_EXERCISE_
Please copy exactly the part of the records below that opens with the line containing "Maize prices now" and closes with the line containing "Medium Photo #3", leaving out any pictures.

_DATASET RECORDS_
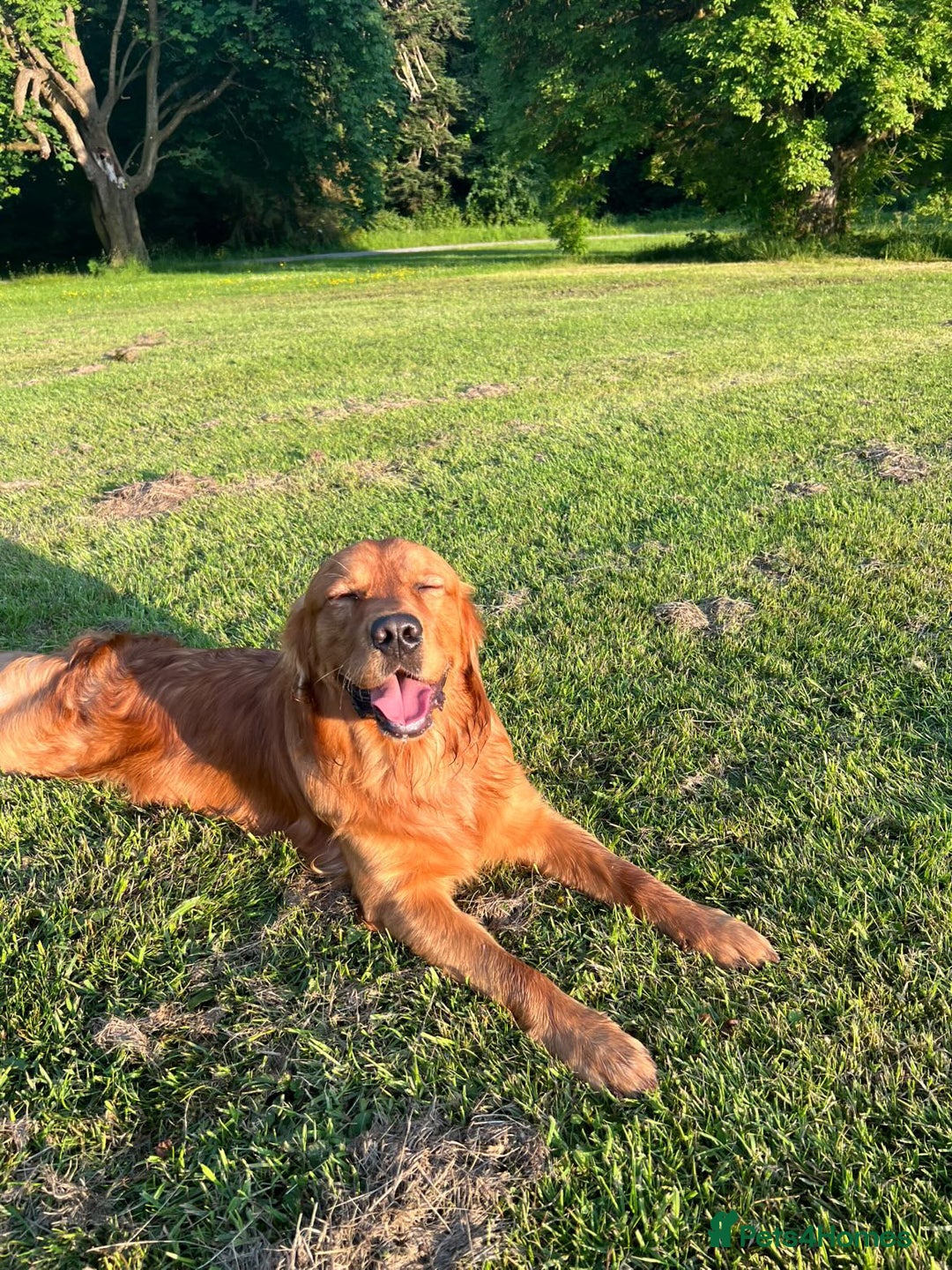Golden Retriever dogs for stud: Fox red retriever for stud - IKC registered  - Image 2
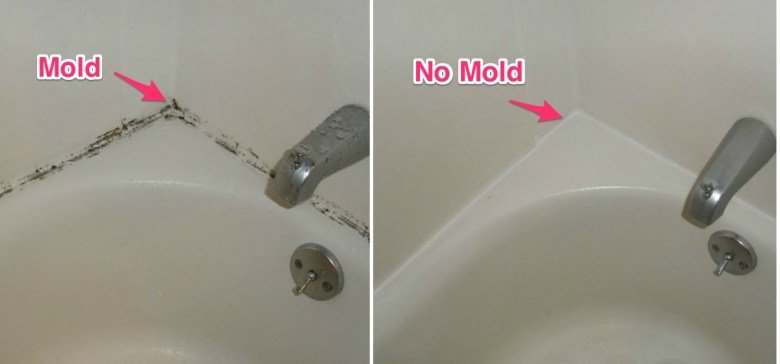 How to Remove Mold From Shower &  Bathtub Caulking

---

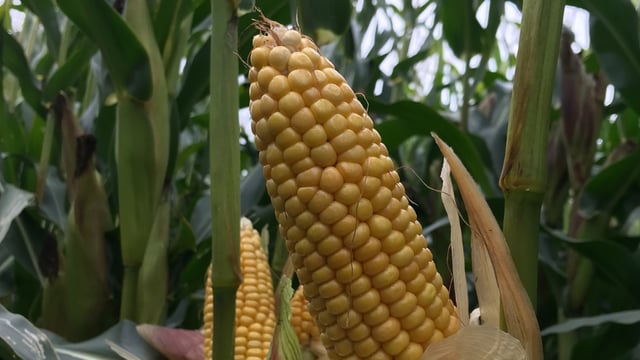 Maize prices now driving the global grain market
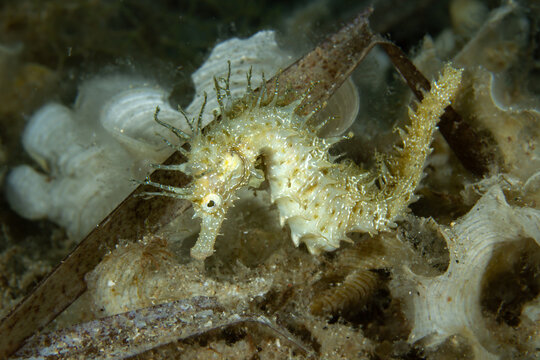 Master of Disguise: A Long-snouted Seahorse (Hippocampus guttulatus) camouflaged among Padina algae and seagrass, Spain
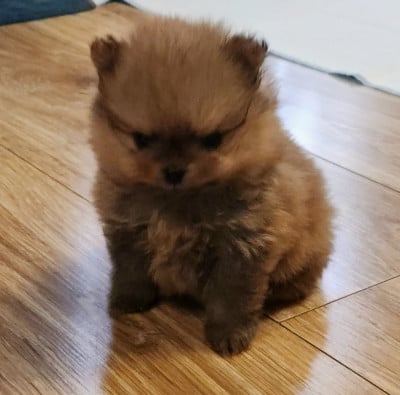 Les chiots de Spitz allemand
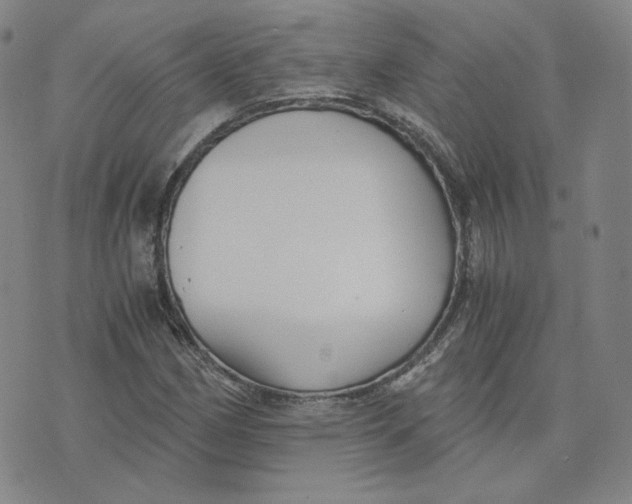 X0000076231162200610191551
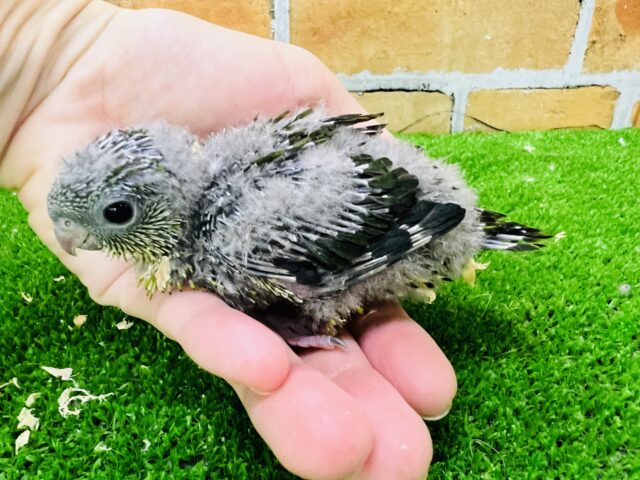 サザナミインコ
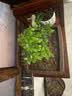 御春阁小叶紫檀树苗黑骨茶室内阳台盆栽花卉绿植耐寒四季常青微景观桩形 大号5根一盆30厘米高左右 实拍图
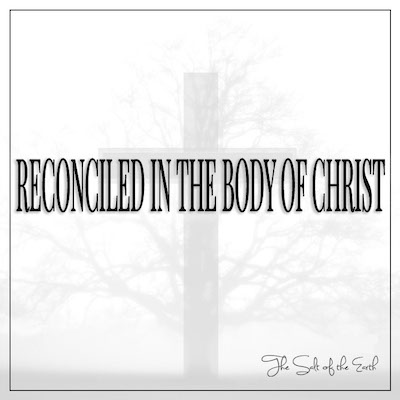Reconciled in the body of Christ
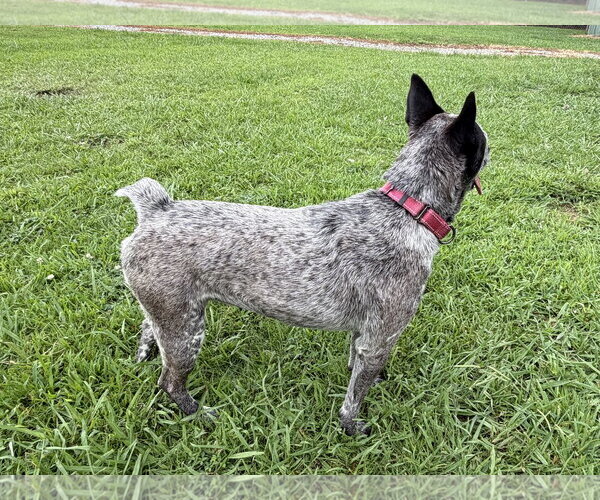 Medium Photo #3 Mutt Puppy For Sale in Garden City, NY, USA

==

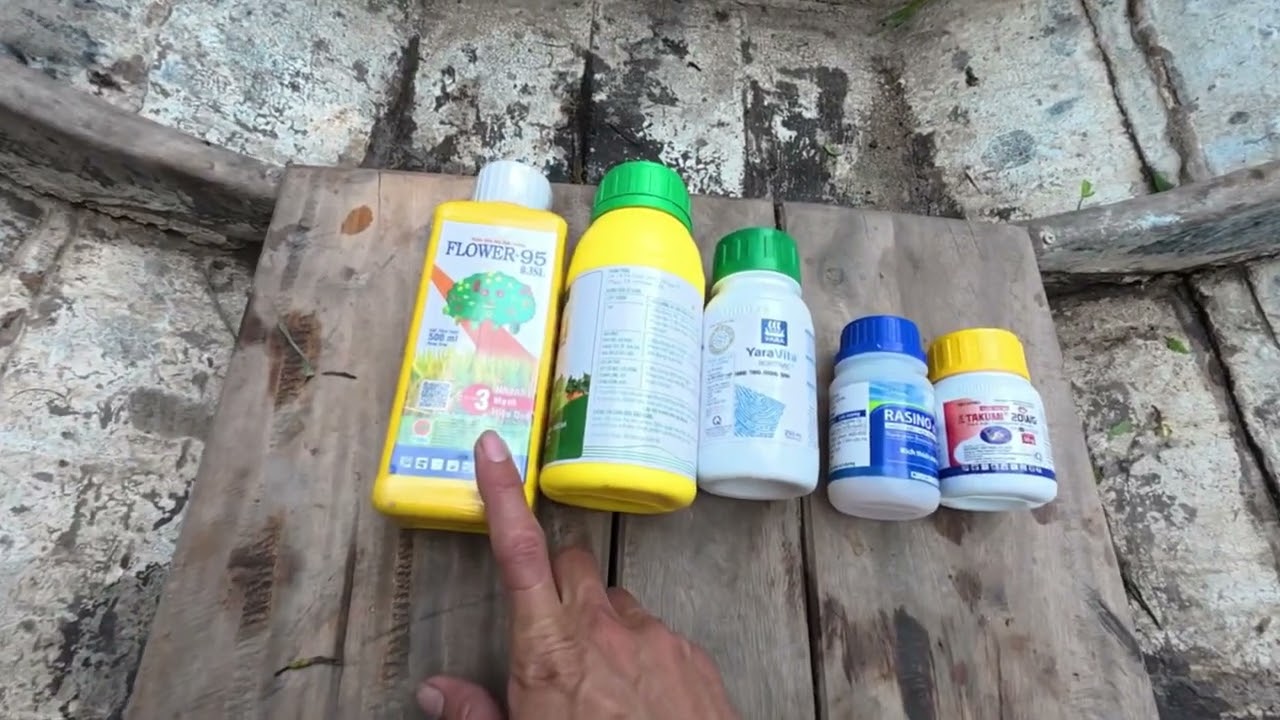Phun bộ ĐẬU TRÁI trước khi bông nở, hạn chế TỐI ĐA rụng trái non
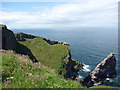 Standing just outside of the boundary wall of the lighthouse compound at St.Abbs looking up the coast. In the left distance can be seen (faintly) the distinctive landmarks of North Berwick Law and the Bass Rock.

_RESULT OF THIS EXERCISE_
 Maize prices now driving the global grain market
 Master of Disguise: A Long-snouted Seahorse (Hippocampus guttulatus) camouflaged among Padina algae and seagrass, Spain
 Les chiots de Spitz allemand
 X0000076231162200610191551
 サザナミインコ
 御春阁小叶紫檀树苗黑骨茶室内阳台盆栽花卉绿植耐寒四季常青微景观桩形 大号5根一盆30厘米高左右 实拍图
Reconciled in the body of Christ
 Medium Photo #3 Mutt Puppy For Sale in Garden City, NY, USA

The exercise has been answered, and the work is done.